As life insurance policies become increasingly complex with a multitude of options and insurance ‘riders,’ the need to annually monitor the policy and its performance dramatically increases the burdens on the ILIT trustee. As a result, the trustee must keep records of their actions, including the trustee’s deliberations, the basis or reasoning for taking such actions, the information provided to the trustee and the beneficiaries, and all waivers and consents sought from the beneficiaries to comply with the Uniform Act’s ‘prudence’ requirement. Consider French v. Wachovia Bank NA, 2013 U.S. App. LEXIS 14399 (7th Cir. 2013) where an ILIT trustee was found to have breached it duty of care, skill and caution required by Sections 2a and 3 of the Uniform Act where the new insurance policies purchased by the trustee were determined (based on policy selection and performance) to be a ‘bad investment.’

Existing ILITs: Holding a life insurance policy in an irrevocable trust can create challenges to the trustee of an ILIT. Consider today’s very low interest rate, and low return investment environment, along with longer life expectancies of the insured. These conditions have caused life insurance companies to incur higher expenses, which in turn have caused existing life insurance policies to both under-perform and reduce expected cash surrender values. This confluence of circumstances can lead to required premium payments for a longer period of time, or a higher amount of cash outlay, and/or a reduced death benefit. In some cases, these circumstances, if unattended to by the trustee, might cause the life insurance policy to lapse. Additionally, some life insurance policy guarantees can be altered by the trustee’s action or inaction.

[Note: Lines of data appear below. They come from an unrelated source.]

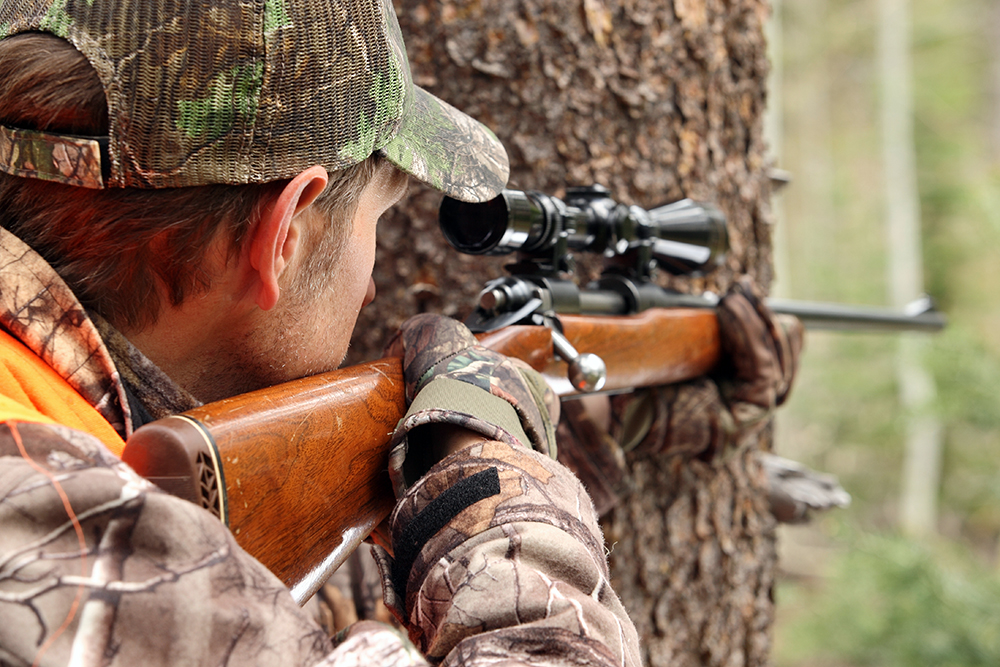 guy holding a rifle | Deer Hunting For Beginners: How To Get Started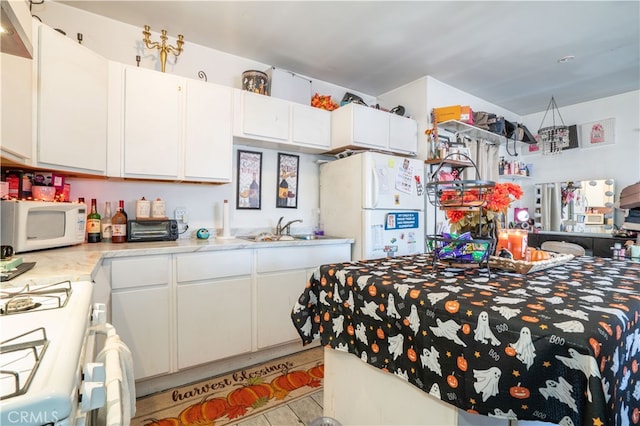 kitchen featuring sink, white appliances, and white cabinetry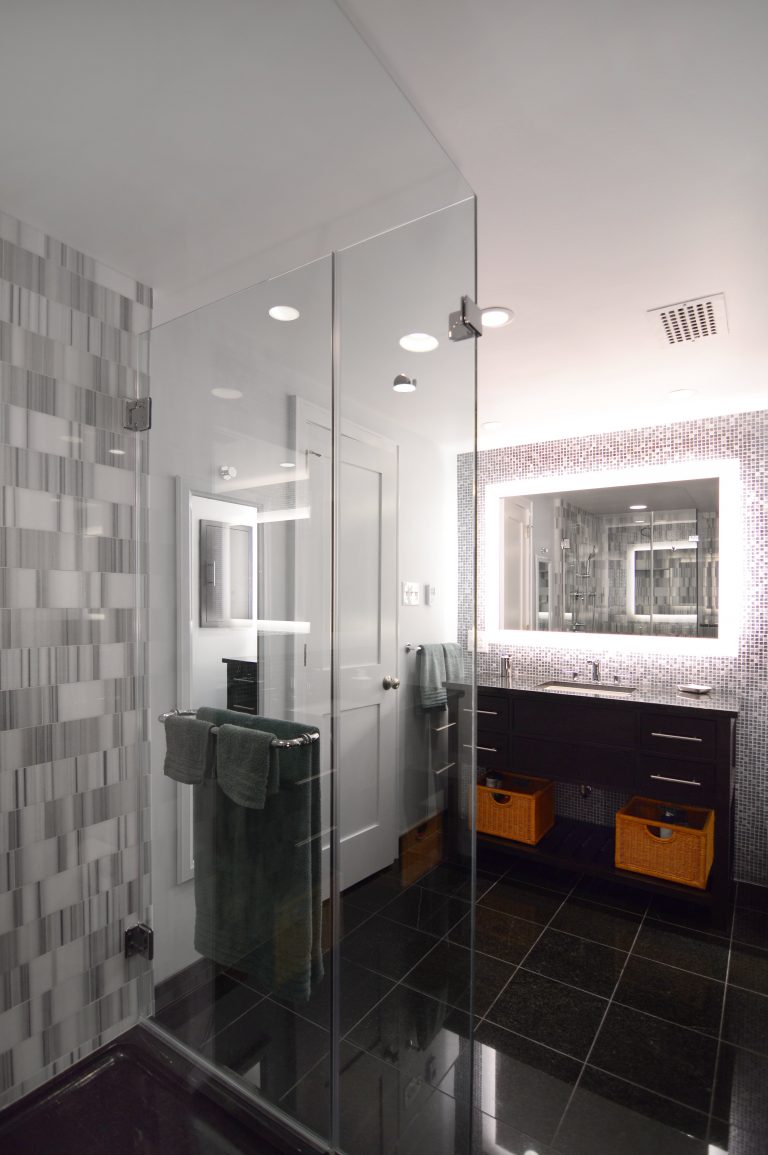 modern bathroom in dc condo large shower stall with glass doors backlit mirror
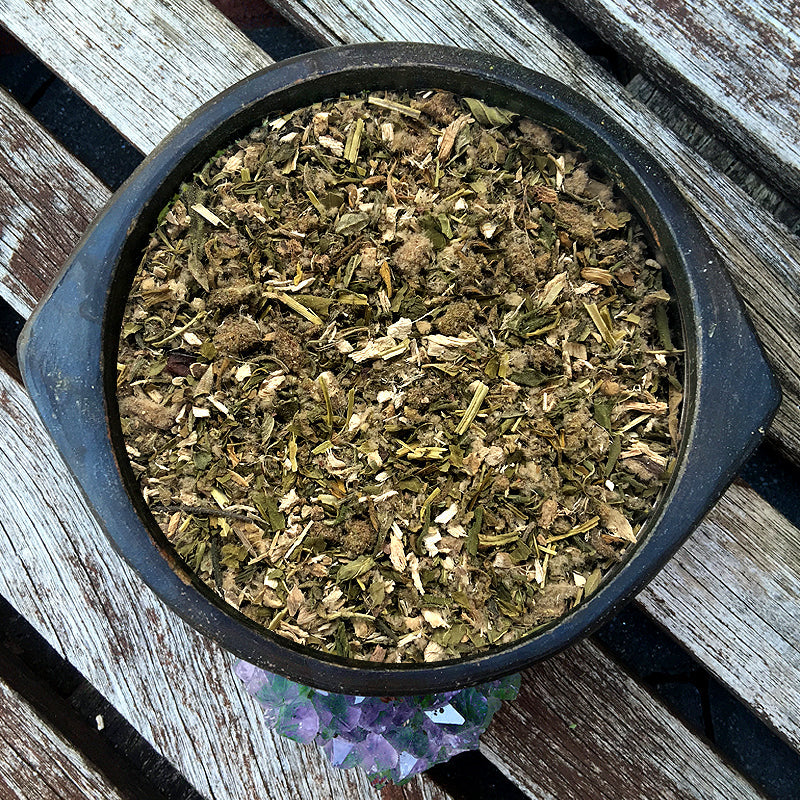 Herbal mixture in a black bowl on a wooden surface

Trustee Responsibilities: Just some of the responsibilities of an ILIT trustee include:

  1. Open a trust account from which insurance premiums are paid;
  2. Select appropriate life insurance policies based upon the trust’s objectives and the insured’s circumstances; this includes the trustee’s obligation to be able to justify the investment choices under some policies, e.g. universal life insurance
  3. Review specific policy design and assumptions and assess if the policy will perform consistent with stated assumptions; This entails engaging the services of an insurance specialist to evaluate the risk of policy lapse and to asses whether the amount of insurance coverage continues to be sufficient for the benefit of the ILIT’s beneficiaries.
  4. Timely pay the policy premiums;
  5. Manage all the trusts assets beside the insurance policy;
  6. Make income and principal distributions to beneficiaries in accordance with the ILIT’s standards;
  7. Send Crummey notices if annual exclusion gifts are used to pay the life insurance policy premiums;

– In Hattieberg v. Northwest Bank Wisconsin, 2005 WL 1574958 (2005) the annual gifts made to the ILIT did not qualify as annual exclusion gifts. The ILIT trustee was held liable for the gift taxes the donor incurred.

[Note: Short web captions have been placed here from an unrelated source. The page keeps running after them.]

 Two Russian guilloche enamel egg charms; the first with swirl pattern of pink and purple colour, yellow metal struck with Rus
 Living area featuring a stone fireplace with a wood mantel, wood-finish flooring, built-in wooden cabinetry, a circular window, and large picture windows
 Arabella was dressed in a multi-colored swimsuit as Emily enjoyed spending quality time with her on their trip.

  1. Maintain trust records and prepare accounts and reports for the beneficiaries, which includes monitoring policies with loans or withdrawals to confirm the continued sustainability of the policies;
  2. Consult with beneficiaries with regard to their needs;
  3. Balance the needs of current and future beneficiaries;
  4. File federal and state income tax returns and pay the tax if the ILIT is not taxed as a grantor trust;
  5. Timely provide K-1s to the ILIT beneficiaries.

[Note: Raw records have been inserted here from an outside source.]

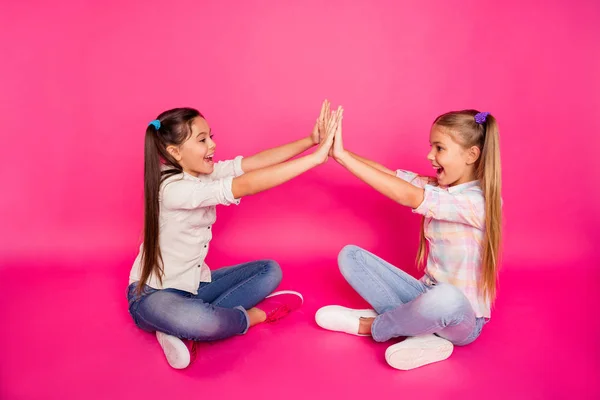 Närbild foto sida profil två lite ålder hon hennes flickor händer armar clap bästa vänner sit golvet ben korsade bär casual jeans denim rutig pläd skjortor isolerade ros pulserande levande bakgrund — Stockfoto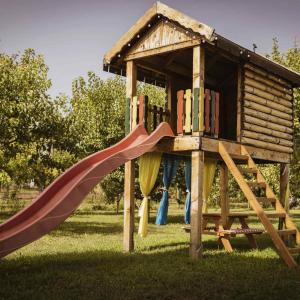 a playground with a slide and a play house at Vikendica Dar in Begeč
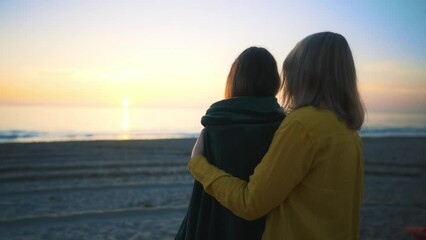 Mother cover his daughter with blanket and hugging on the beach at sunset.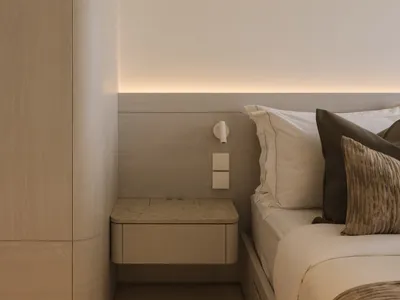 Modern minimalist bedroom featuring wood, marble, and fabric materials.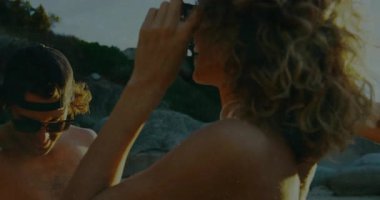 Üç arkadaş eğlence için plaj müziğine cevap veriyor, kırmızı bardaklardan içiyor ve tezahürat yapıyorlar. Eğlence, kutlama, yoldaşlık, eğlence, açık hava, hayat dolu, gençlik dolu.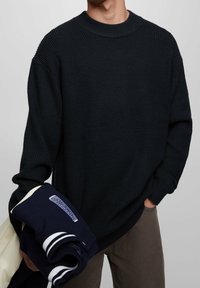 Pull en maille foncée avec une texture côtelée et un col rond, porté par une personne tenant un sweat-shirt bleu marine plié et une veste beige.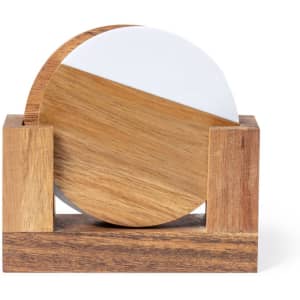 A coasters set featuring round wooden coasters with a white and natural wood design, held in a wooden holder.
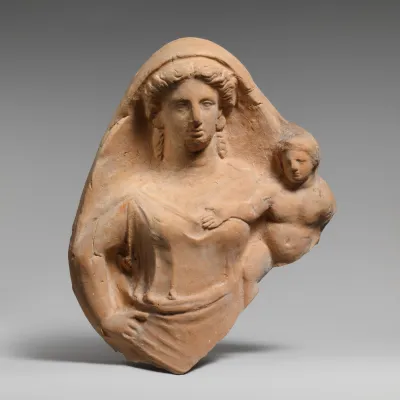Fragment of a terracotta relief of a woman and child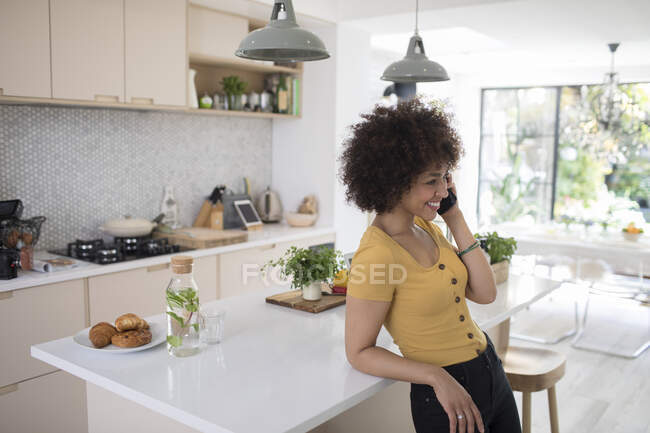 Sorrindo jovem mulher falando no telefone inteligente na cozinha — Fotografia de Stock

Conclusion: Many individuals have been named as trustee of an ILIT yet they operate on the Ron Popeil principle of ‘setting it and forgetting it.’ That approach is wholly inconsistent with the Uniform Principal and Income Act and the responsibilities that it imposes on ILIT trustees. Courts are only now holding ILIT trustees liable for their failure to monitor life insurance policies held in trust, ‘stress-testing’ those policies and not acting as fiduciaries with regard to their responsibilities. It may be time to revisit who is the trustee of the ILIT and whether they are capable of fulfilling their numerous responsibilities.